The step size by which a convolutional filter moves across an input during convolution.
In convolutional neural networks (CNNs), stride length is a hyperparameter that controls how many positions a convolutional filter shifts at each step as it slides across an input image or feature map. A stride of 1 means the filter moves one pixel at a time, producing maximum overlap between adjacent receptive fields. A stride of 2 means the filter jumps two pixels at a time, skipping intermediate positions. This seemingly simple parameter has significant downstream effects on the shape and content of the resulting feature maps.
The relationship between stride and output dimensions is straightforward: larger strides produce smaller output feature maps. For a given input of size W, a filter of size F, padding P, and stride S, the output dimension is ⌊(W − F + 2P) / S⌋ + 1. This means stride acts as a form of spatial downsampling, reducing the resolution of feature maps as information flows deeper into the network. In this sense, strided convolutions can serve a similar function to pooling layers, and many modern architectures use strided convolutions in place of explicit pooling to reduce spatial dimensions while learning the downsampling operation rather than applying a fixed one.
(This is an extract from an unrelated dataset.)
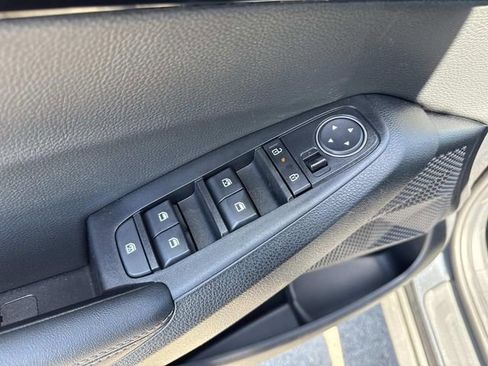 New 2026 Kia Seltos EX w/ EX Sunroof Package image 11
Stride length directly governs the trade-off between spatial resolution and computational efficiency. A stride of 1 preserves fine-grained spatial detail but requires more computation and produces larger intermediate representations. Larger strides reduce memory and compute requirements but may discard spatially precise information. In practice, strides of 1 and 2 are most common — stride 1 for layers where preserving resolution matters, and stride 2 for intentional downsampling. The choice of stride interacts closely with filter size, padding strategy, and network depth to determine the overall receptive field and representational capacity of the model.
Stride became a central design consideration with the rise of deep CNN architectures in the early 2010s. AlexNet (2012) notably used a stride of 4 in its first convolutional layer to aggressively reduce spatial dimensions from large input images, a design choice that influenced subsequent architectures. Later work, including the VGG and ResNet families, refined stride usage as a principled tool for controlling information flow through deep networks.